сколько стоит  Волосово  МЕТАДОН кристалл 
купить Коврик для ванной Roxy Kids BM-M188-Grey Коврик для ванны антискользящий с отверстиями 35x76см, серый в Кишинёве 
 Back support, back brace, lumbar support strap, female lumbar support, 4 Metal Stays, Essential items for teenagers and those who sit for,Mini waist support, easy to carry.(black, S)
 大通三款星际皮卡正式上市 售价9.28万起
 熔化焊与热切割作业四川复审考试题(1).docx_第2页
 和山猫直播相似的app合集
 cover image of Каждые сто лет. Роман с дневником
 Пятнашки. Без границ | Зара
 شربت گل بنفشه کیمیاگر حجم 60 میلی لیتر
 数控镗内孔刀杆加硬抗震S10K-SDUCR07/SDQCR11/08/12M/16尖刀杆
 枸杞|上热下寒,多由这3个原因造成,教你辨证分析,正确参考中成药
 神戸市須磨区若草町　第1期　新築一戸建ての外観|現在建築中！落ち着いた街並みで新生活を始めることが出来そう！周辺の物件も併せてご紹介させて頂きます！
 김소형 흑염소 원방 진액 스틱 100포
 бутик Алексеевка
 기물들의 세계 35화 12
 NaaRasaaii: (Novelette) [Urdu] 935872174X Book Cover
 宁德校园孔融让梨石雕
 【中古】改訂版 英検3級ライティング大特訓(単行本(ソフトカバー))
■ ■ ■ ■
Above are the records; copy exactly the lines from the line with "купить Коврик для" through the line with "شربت گل بنفشه کیمیاگر حجم 60 میلی لیتر", both included.

- EXPECTED ANSWER:
купить Коврик для ванной Roxy Kids BM-M188-Grey Коврик для ванны антискользящий с отверстиями 35x76см, серый в Кишинёве 
 Back support, back brace, lumbar support strap, female lumbar support, 4 Metal Stays, Essential items for teenagers and those who sit for,Mini waist support, easy to carry.(black, S)
 大通三款星际皮卡正式上市 售价9.28万起
 熔化焊与热切割作业四川复审考试题(1).docx_第2页
 和山猫直播相似的app合集
 cover image of Каждые сто лет. Роман с дневником
 Пятнашки. Без границ | Зара
 شربت گل بنفشه کیمیاگر حجم 60 میلی لیتر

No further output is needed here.